If $4\mid a+bc$ and $6\mid b+ac$ prove that $2\mid a^2-b^2$

Question

If $4\mid a+bc$ and $6\mid b+ac$ prove that $2\mid a^2-b^2$

This is as far as I get:

$$a + bc = 4k\qquad\text{for some $k\in\Bbb Z$} \\b+ac =6l\qquad\text{for some $l\in\Bbb Z$}\\\implies (a^2-b^2)(1-c^2) = 16k^2 + 36l^2$$

Answer 1

Following your approach, $$a + bc = 4k \implies a^2 + abc = 4ak,\tag 1$$ and $$b+ac =6l \implies b^2 + abc = 6bl. \tag 2$$ Subtract $(2)$ from $(1)$ to arrive at $$a^2-b^2 = 4ak-6bl = 2(2ak-3bl).$$ Q.E.D.

Answer 2

Sometimes it pays off to think in much simpler terms, just involving parity. If $a$ is even, then so is $b$, because $b + ac$ is even.
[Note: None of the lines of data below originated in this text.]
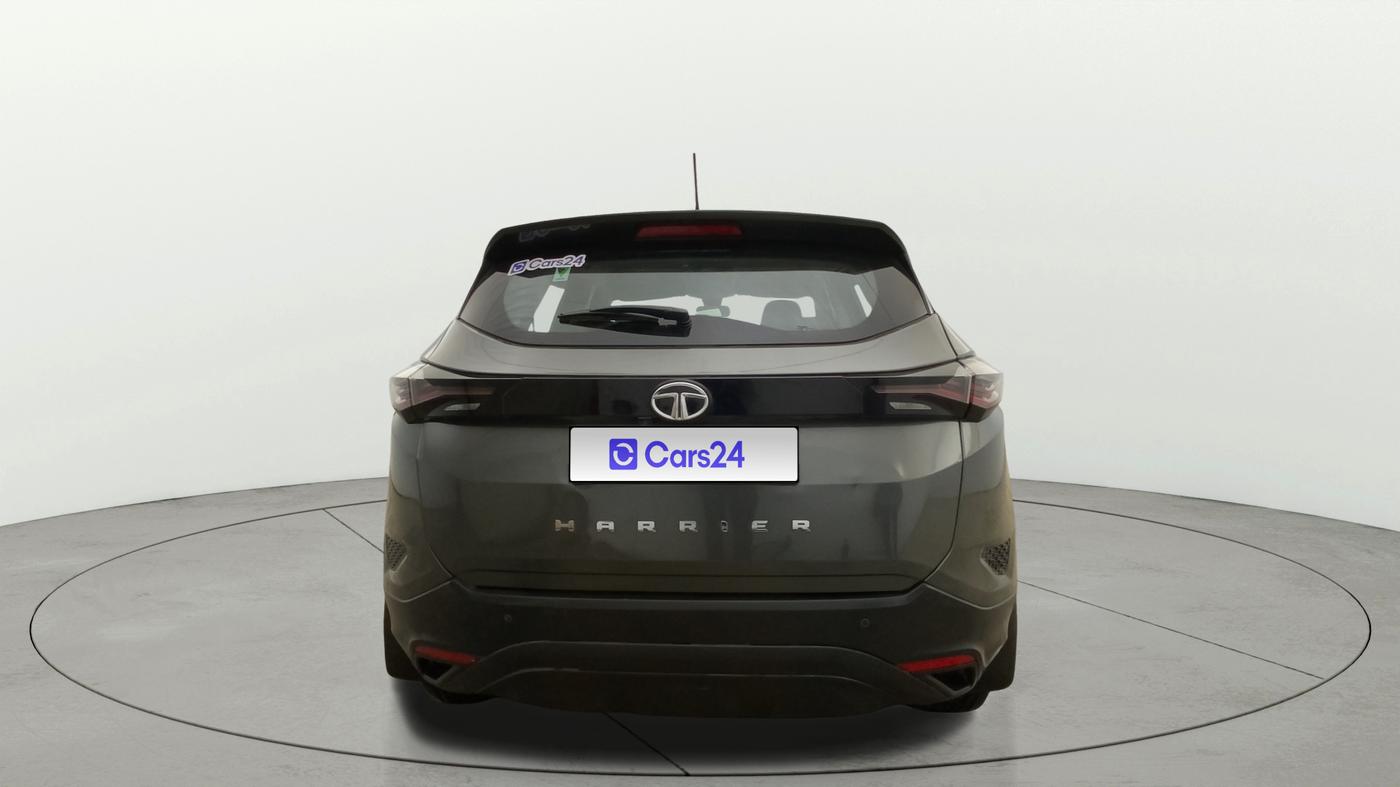 2022 Tata Harrier XT 2.0L KRYOTEC, Diesel, Manual, 89,944 km, Back/Rear
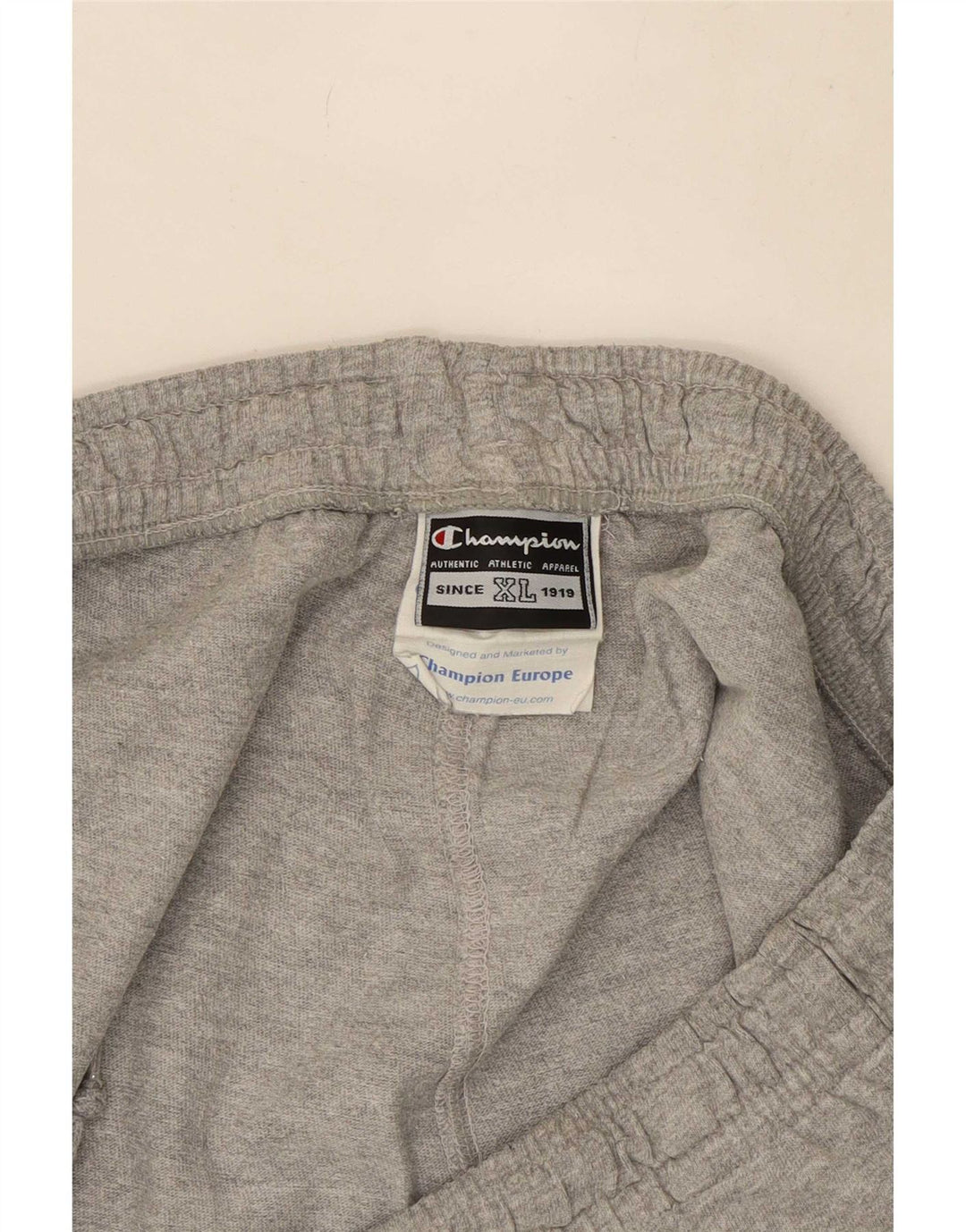Pantaloni scurți sport Champion pentru bărbați, XL, gri bumbac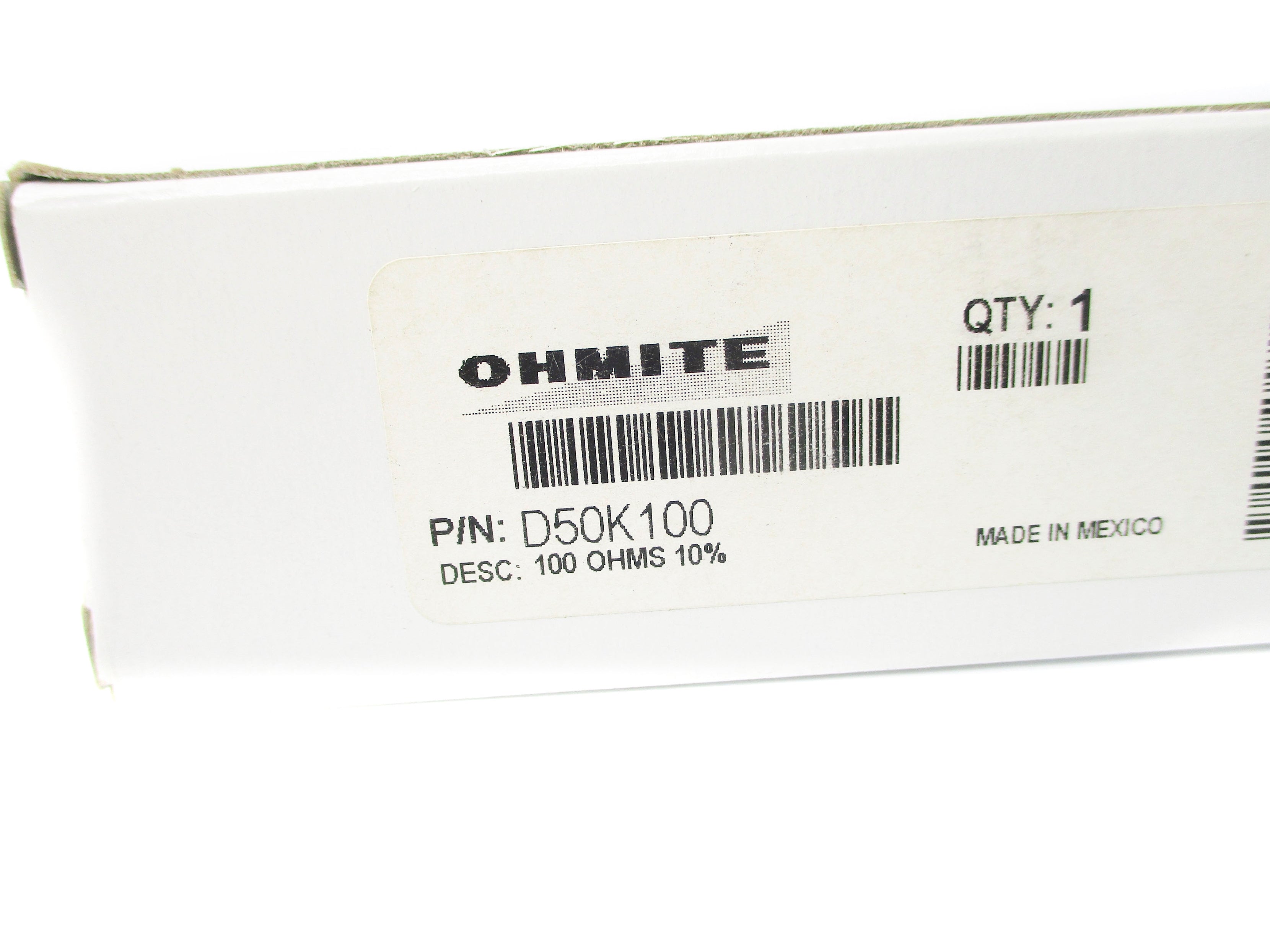 OHMITE D50K100 NSMP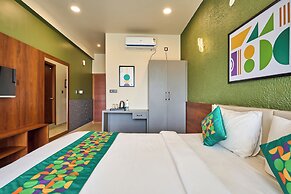 Treebo Sky Vista Suites with Hill View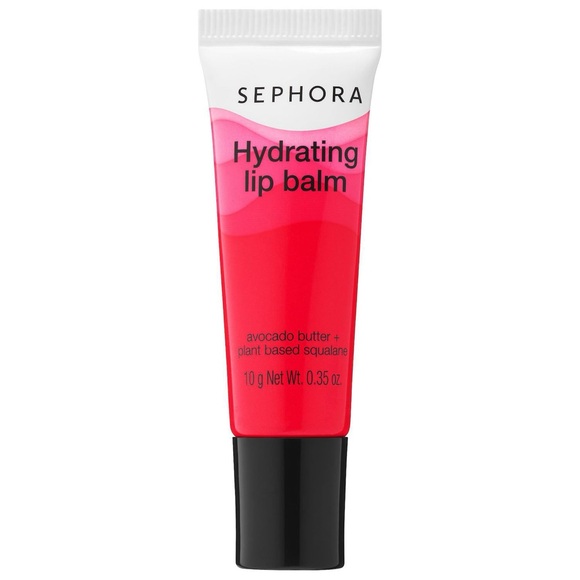 Sephora Collection Hydrating Lip Balm, Cherry 🍒 0.35 oz/10 g | New & Sealed - Picture 1 of 5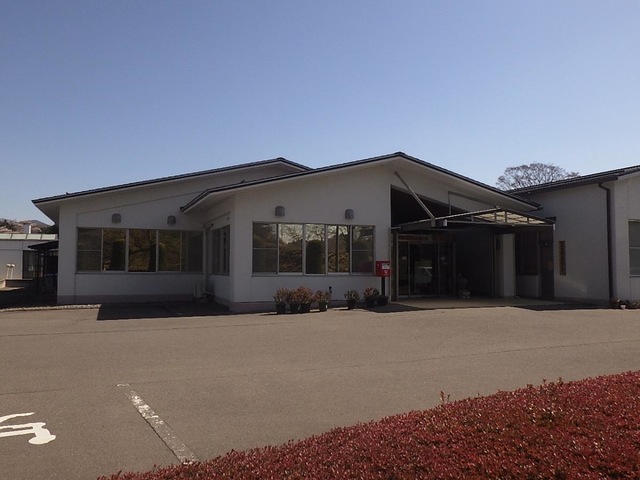 羽山荘 建物全景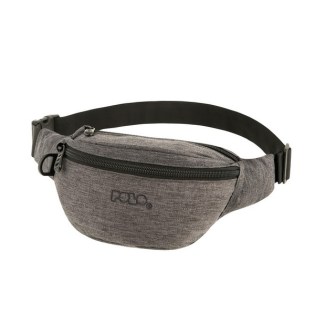 POLO Τσαντάκι Μέσης Legacy Grey (908-029-2100)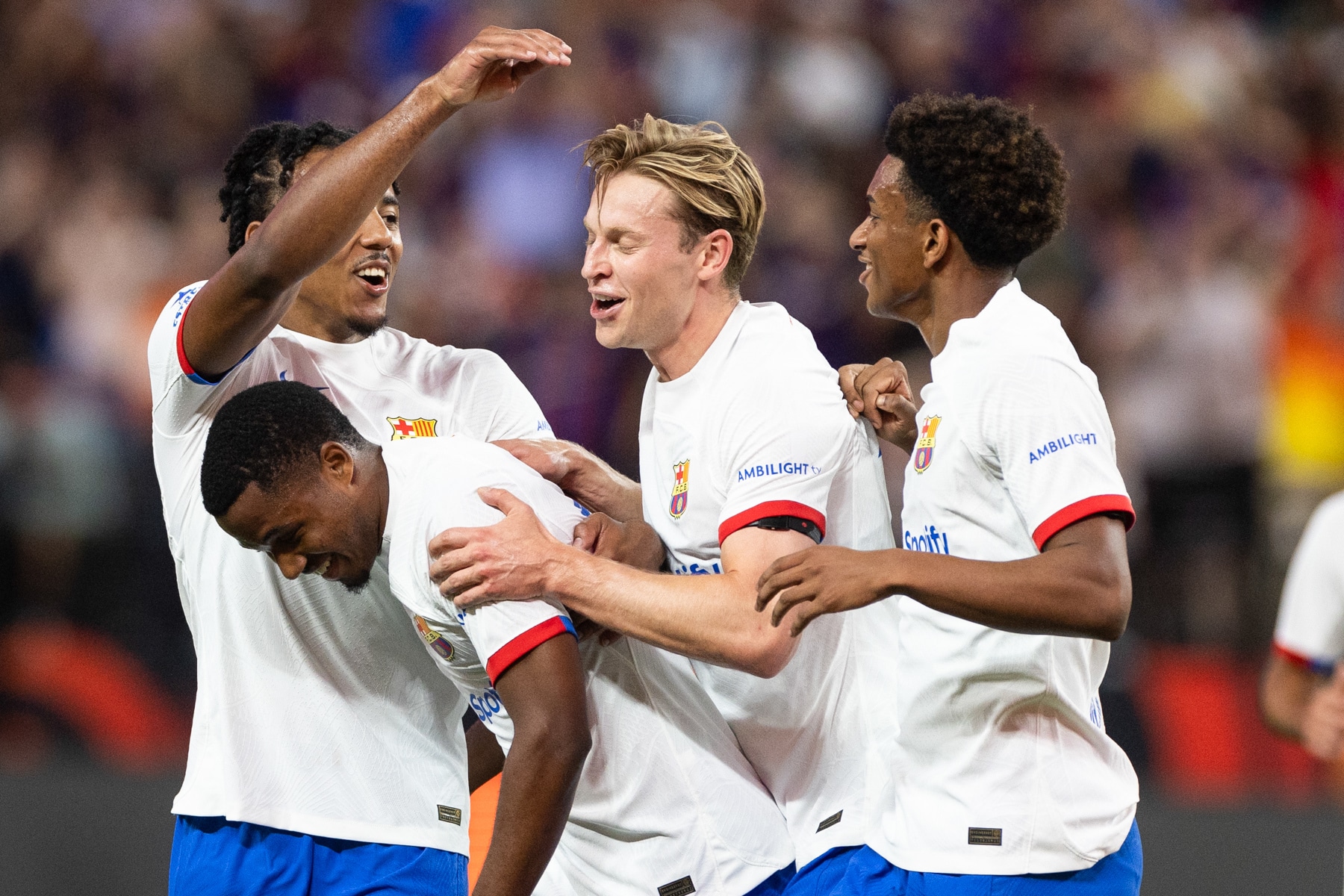 Villarreal – FC Barcelone en Direct : Streaming, Compositions et TV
If $a$ is odd, then so are both $b$ and $c$, because $a + bc$ is even.

So $a$ and $b$ have the same parity, from which the result follows.

Answer 3

If $4\mid a+bc$ and $6\mid b+ac$ prove that $2\mid a^2-b^2$

This is as far as I get:

$$a + bc = 4k\qquad\text{for some $k\in\Bbb Z$} \\b+ac =6l\qquad\text{for some $l\in\Bbb Z$}\\\implies (a^2-b^2)(1-c^2) = 16k^2 + 36l^2$$

Continue:

So $4|(a^2-b^2)(1-c^2)\;\;\;\;(*)$

If $c$ is odd, then $1-c^2 = 1-1-4k-4k^2 = -4k(k+1)$ and it is impossible to say that $2|a^2-b^2$. From here you must return to beginning formulas and do the thinking like user296602 did or something else.

If $c$ is even then $(1-c^2)$ is odd and thus the conclusion, but you really don't need this $(*)$ because you can again from starting formulas already see that $a$ and $b$ are even and you are done.

Answer 4

A variant of user296602's approach: If $c$ is even, then $a$ and $b$ must both be even; if $c$ is odd, then $a$ and $b$ must have the same parity. In either case $a^2-b^2$ is even.